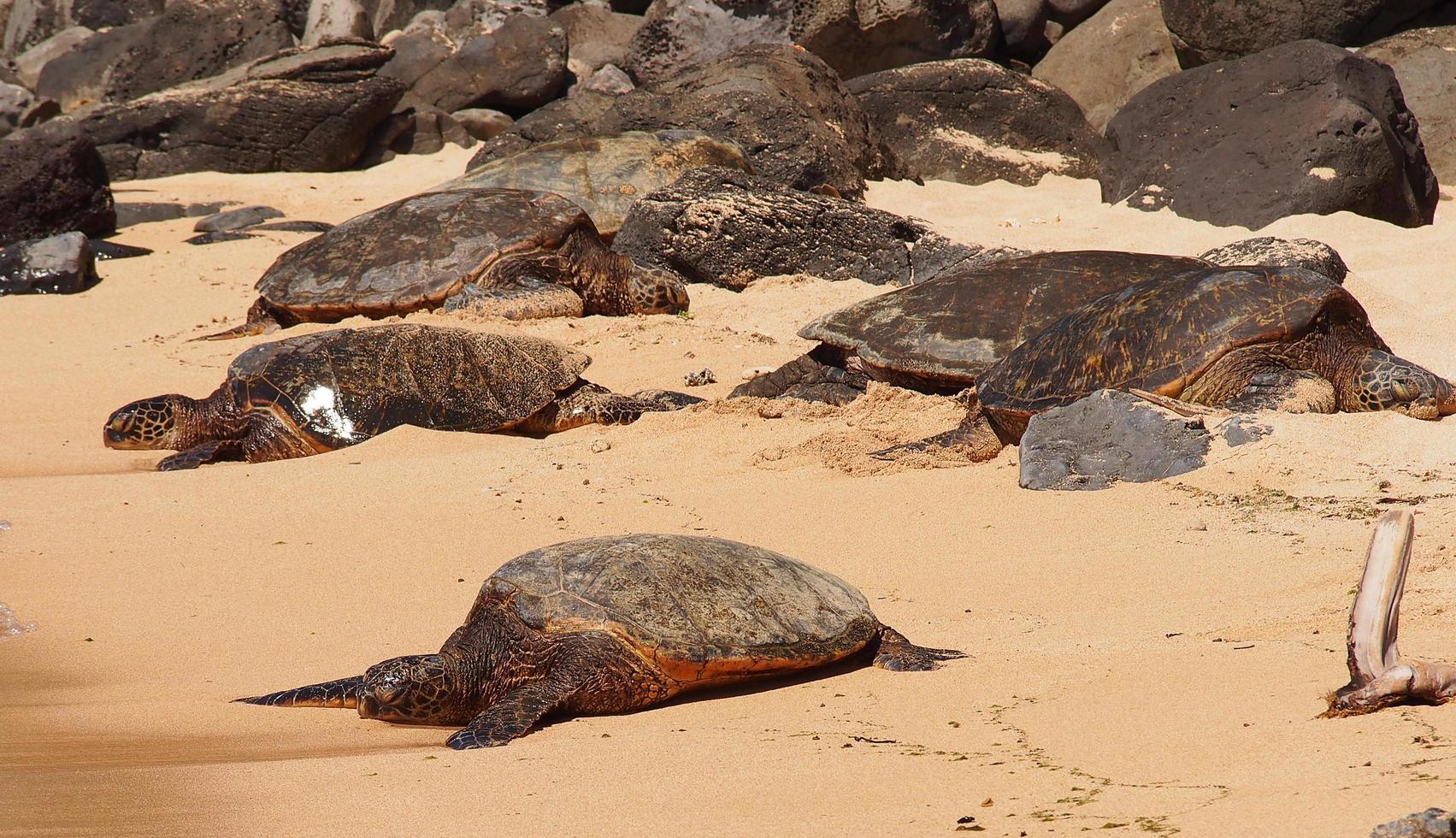 tortugas marinas en la playa en hawaii foto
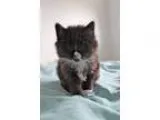 Adopt Fluffy Brite a Domestic Medium Hair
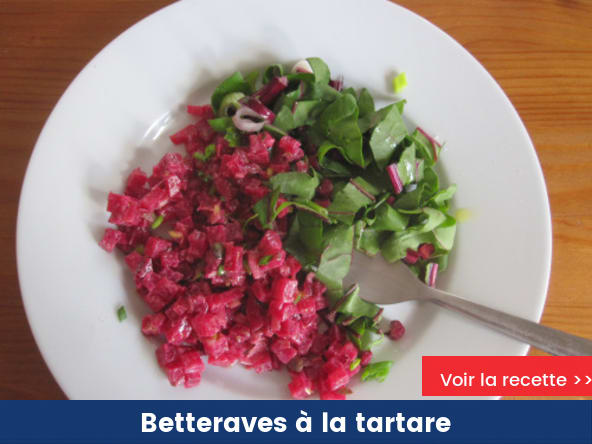 Betteraves à la tartare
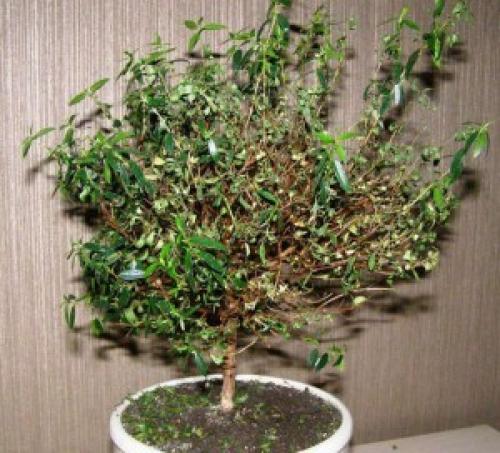 Почему сохнет мирт и сбрасывает листья. Мирт: сохнут листья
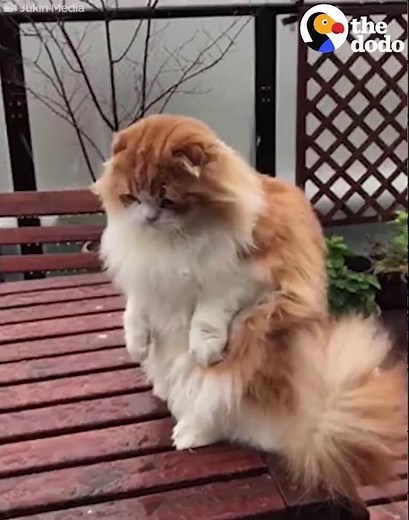 Cat Is Baffled By Snow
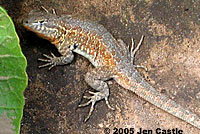 Western Side-blotched Lizard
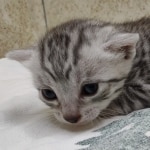 Silver-Female-Mau-DOB 8-7-24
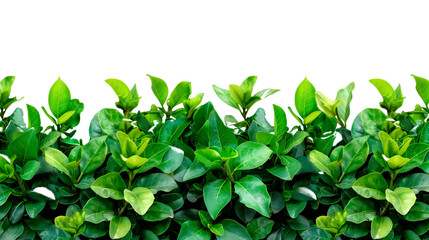 Fototapeta na wymiar Close Up of a Vibrant Green Bush
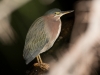 Green Heron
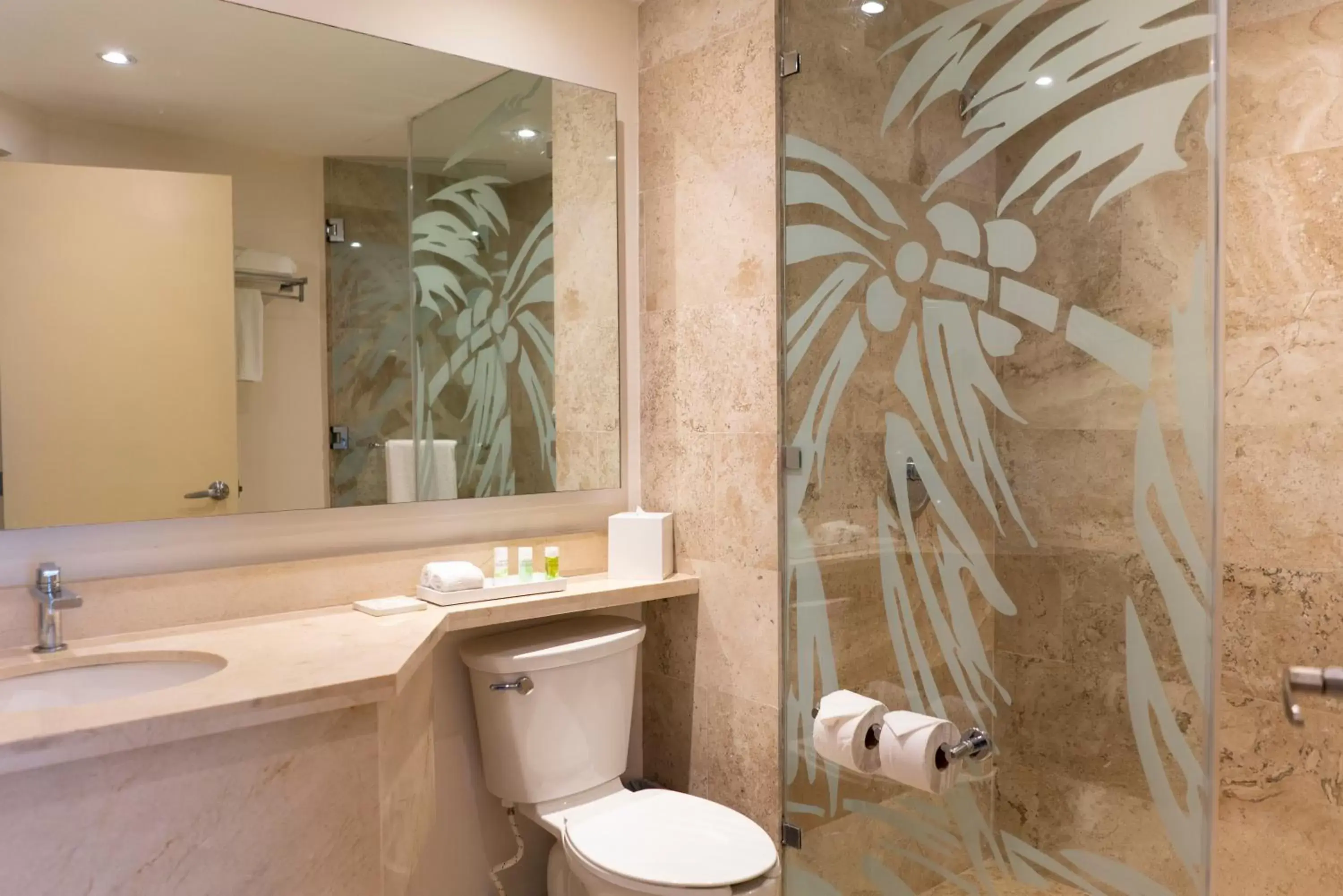 Toilet, Bathroom in The Reef Coco Beach & Spa- Optional All Inclusive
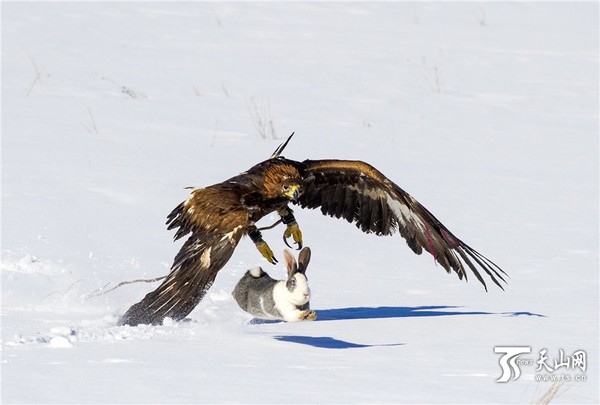 鹰猎比赛，鹰飞兔跳惊险刺激。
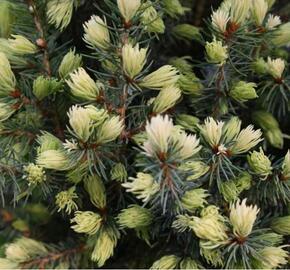 Smrk sivý 'Sun on the Sky' - Picea glauca 'Sun on the Sky'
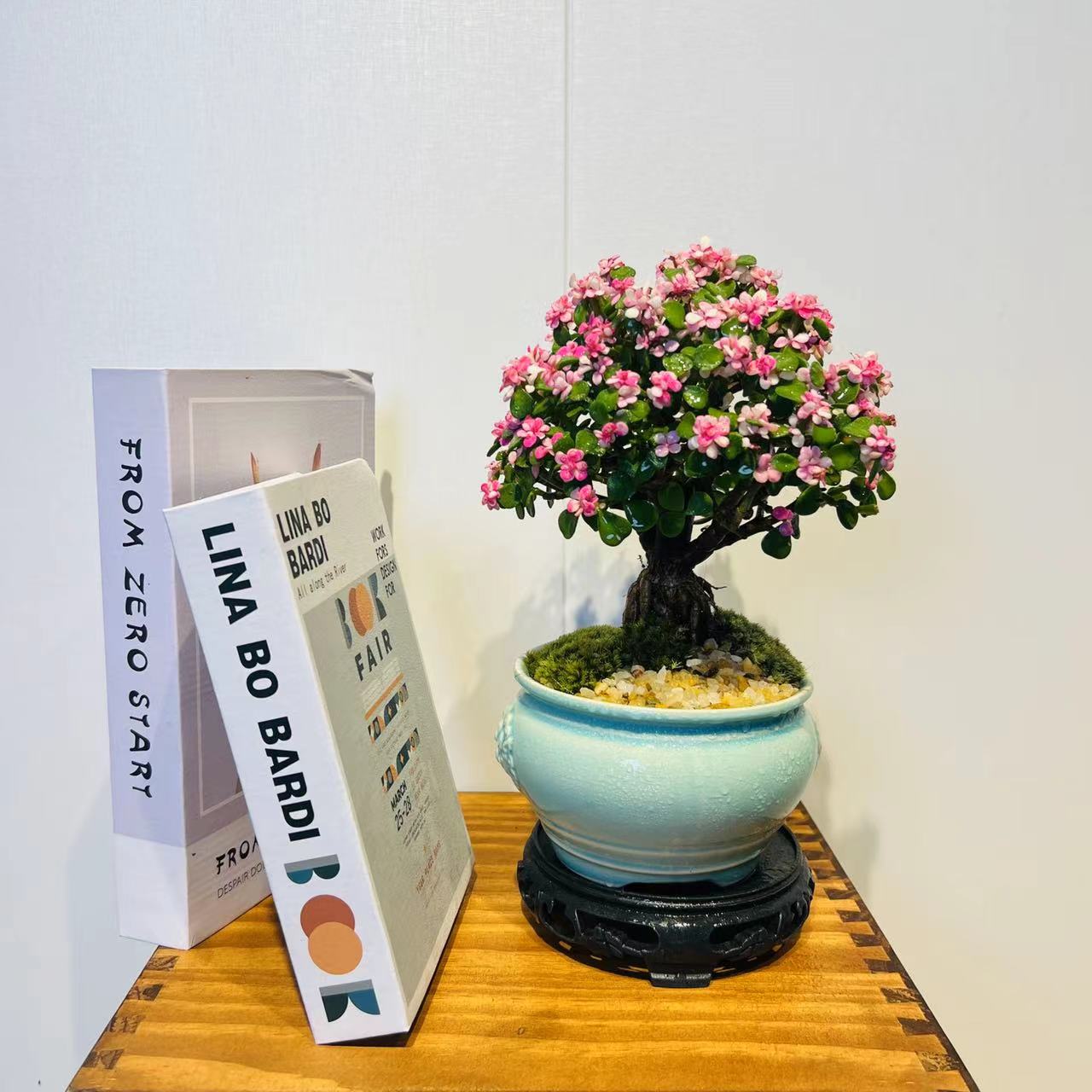 ZF老桩棒棒糖金枝玉叶+接水盘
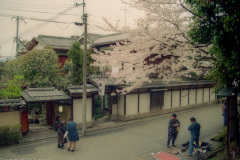 Ryokan Rikiya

= = = = =

The problem » Would you reproduce the listing above in full and exactly, without its pictures?

Response for this exercise »
 tortugas marinas en la playa en hawaii foto
 Adopt Fluffy Brite a Domestic Medium Hair
 Betteraves à la tartare
 Почему сохнет мирт и сбрасывает листья. Мирт: сохнут листья
 Cat Is Baffled By Snow
 Western Side-blotched Lizard
 Silver-Female-Mau-DOB 8-7-24
 Fototapeta na wymiar Close Up of a Vibrant Green Bush
 Green Heron
 Toilet, Bathroom in The Reef Coco Beach & Spa- Optional All Inclusive
 鹰猎比赛，鹰飞兔跳惊险刺激。
 Smrk sivý 'Sun on the Sky' - Picea glauca 'Sun on the Sky'
 ZF老桩棒棒糖金枝玉叶+接水盘
 Ryokan Rikiya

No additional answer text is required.